Your task
Copy all data exactly. Skip pictures.

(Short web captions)
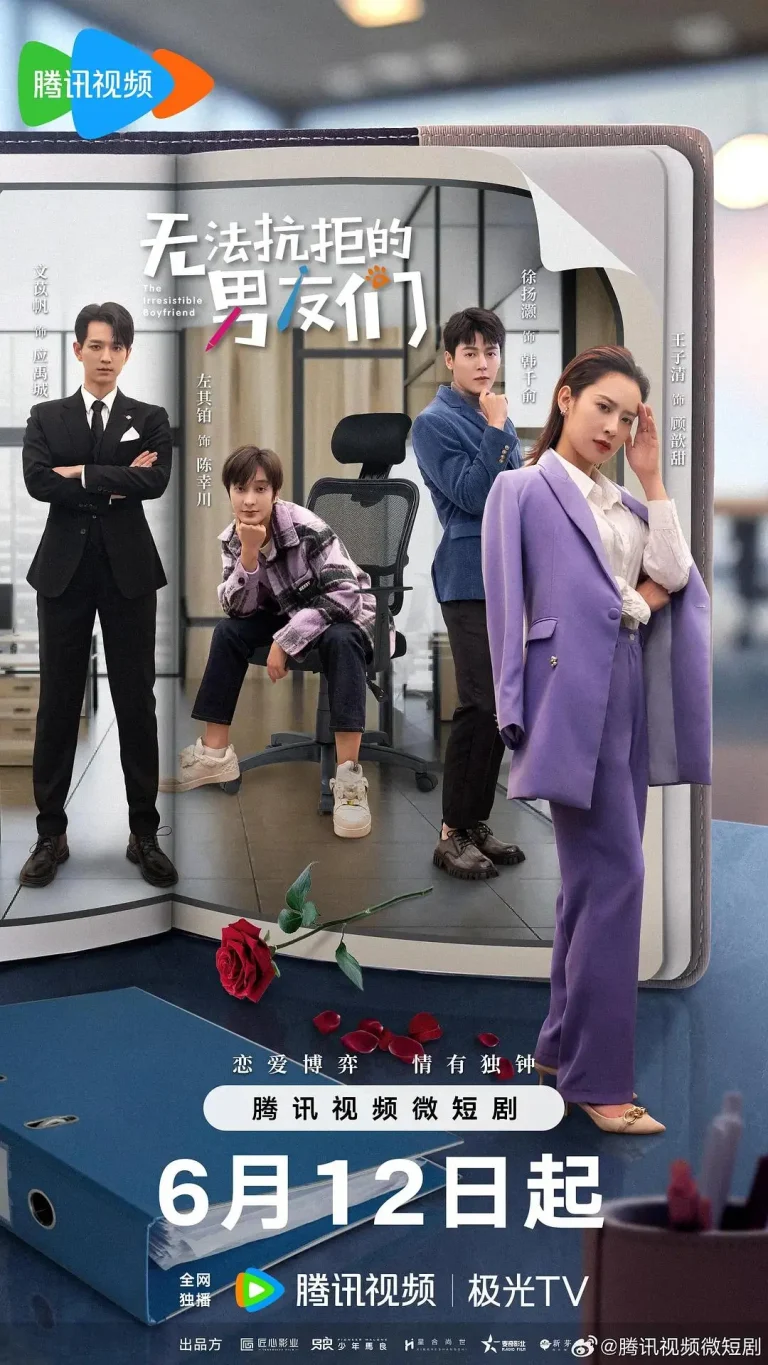 《无法抗拒的男友们》全集高清完整版在线观看与剧情解析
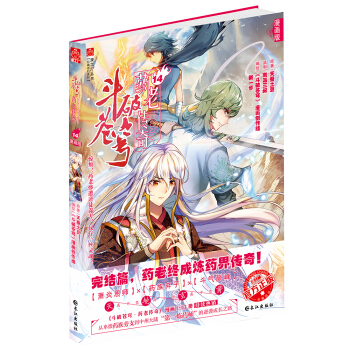 斗破苍穹 药老传奇14 pdf epub mobi 电子书 下载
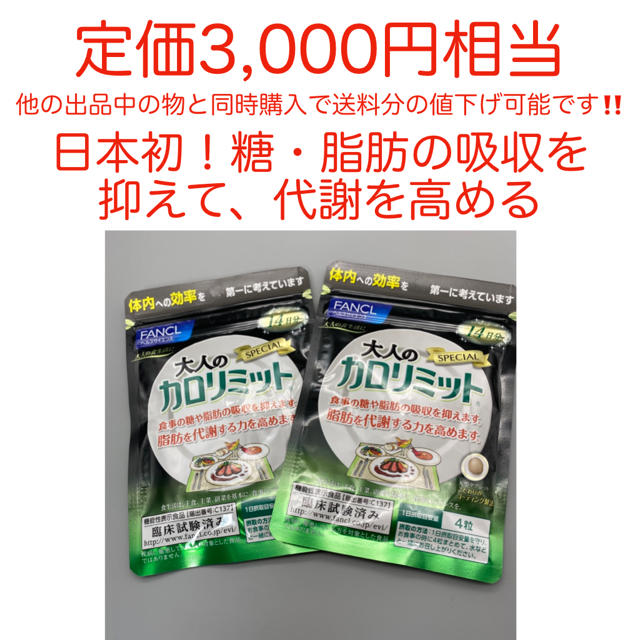 【最安値‼️】糖・脂肪の吸収を抑えて、代謝もUP  大人のカロリミット コスメ/美容のダイエット(ダイエット食品)の商品写真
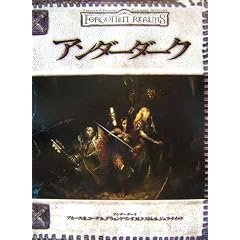 D&D �A���_�[�_�[�N (�_���W�����Y&�h���S���Y�T�v�������g)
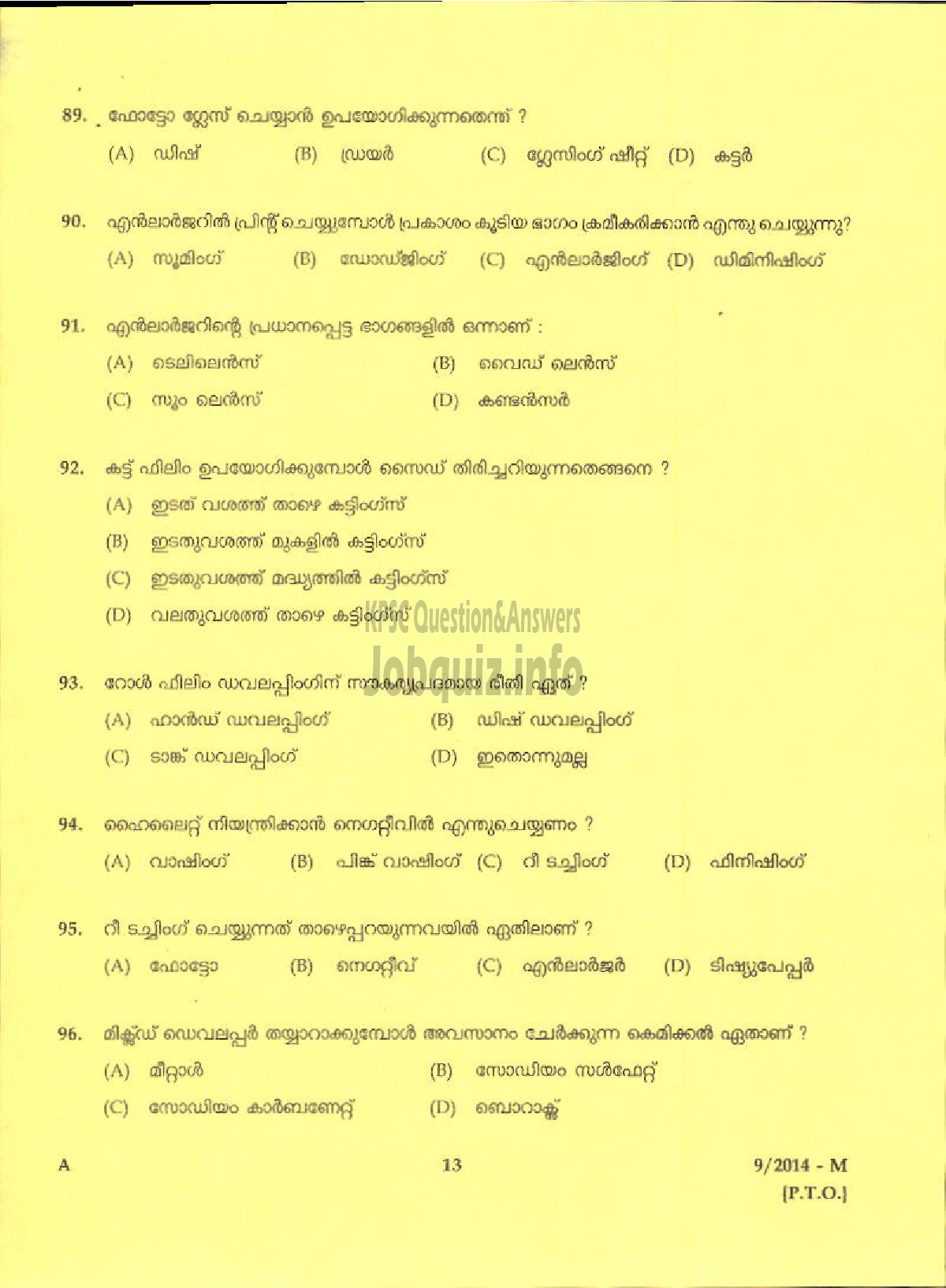 Kerala PSC Question Paper - ATTENDER PHOTOGTRAPHY SECTION INFORMATION AND PUBLIC RELATIONS ( Malayalam ) -11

Problem solution
 《无法抗拒的男友们》全集高清完整版在线观看与剧情解析
 斗破苍穹 药老传奇14 pdf epub mobi 电子书 下载
 【最安値‼️】糖・脂肪の吸収を抑えて、代謝もUP  大人のカロリミット コスメ/美容のダイエット(ダイエット食品)の商品写真
 D&D �A���_�[�_�[�N (�_���W�����Y&�h���S���Y�T�v�������g)
 Kerala PSC Question Paper - ATTENDER PHOTOGTRAPHY SECTION INFORMATION AND PUBLIC RELATIONS ( Malayalam ) -11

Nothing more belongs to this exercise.